We went up north, passed through Mombeltrán, crossed the Puerto del Pico again and continued west through San Martín del Pimpollar, which has a much more fun name than the town itself, and Hoyos del Espino. There was still some light left when we entered the Regional Park of the Sierra de Gredos and went up to the Plataforma de Gredos, the great access to the high mountain, the starting point for routes, lagoons and summits. The road goes up and up until the landscape changes suddenly. Snow everywhere, white pines, frozen rocks and a cold that gets into your whiskers without asking permission.
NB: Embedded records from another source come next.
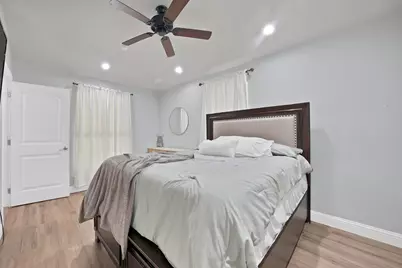 1102 Ash Street, Irving, TX 75060 - Photo 23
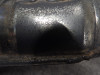 Downpipes BMW R 1200 GS LC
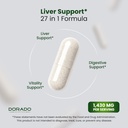liver-cleanse-detox-repair-27-in-1-formu-4.jpg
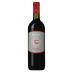 La Braccesca Sabazio Rosso di Montepulciano 2016 Front Bottle Shot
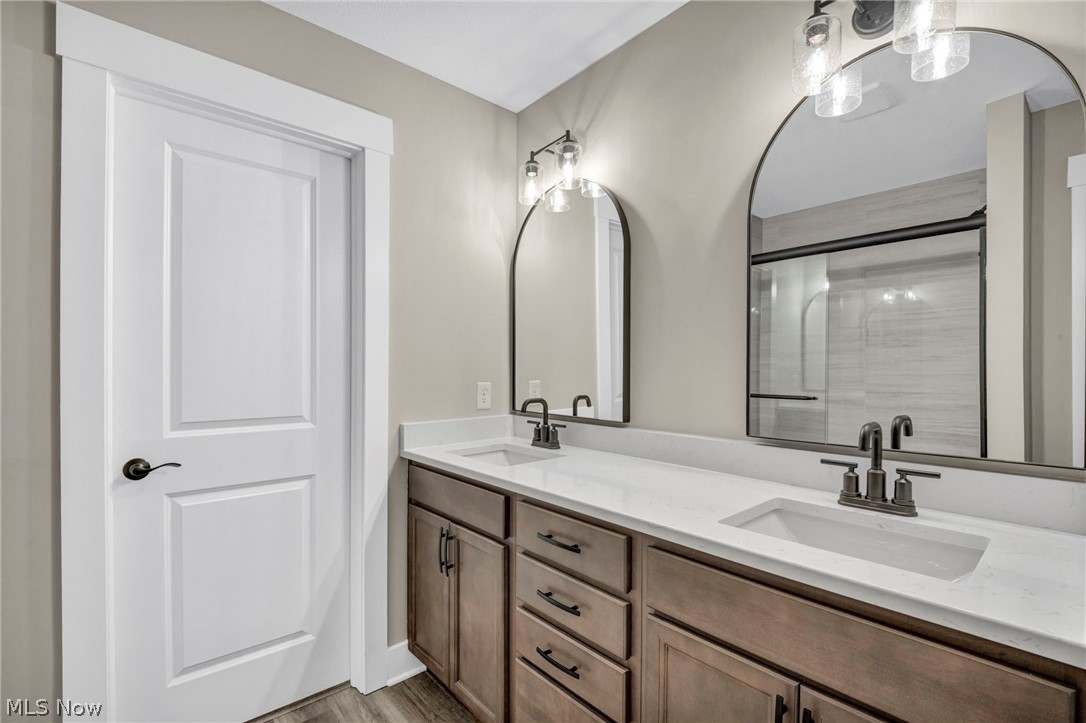 3663 Great Windsor Lane Green OH 44685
We parked in the large car park at the end of the road. There were quite a few people eager to tread snow, touch it, photograph it and check that it was indeed cold. We also went for a short walk. All white, all in silence, that type of place that is a bit imposing but very engaging. Shortly before six o'clock we went back to the car, when the light was starting to leave without saying goodbye.

We had to find a place to sleep. We took the road to Navarcepeda de Tormes, very beautiful but almost night. We saw several possible places, but none of them convinced us. Too open, inclined, without coverage or with that "I don't know what" that tells you that it is better to go a little further. In the end we returned to Hoyos del Espino, where there is a large car park reserved for motorhomes although it has no services. The place is fine, quiet, and there are already four more, just enough not to feel alone but not in a campsite either.

Here we stayed. Outside, the thermometer reads about five degrees below zero. It's not strange, we are at about 1450 metres above sea level and the mountain doesn't forgive. Inside the camper we are warm, gathered and calm. It's New Year's Eve, but up here you don't notice absolutely anything, no noise, no lights, no rush. And the truth is that it seems perfect to us.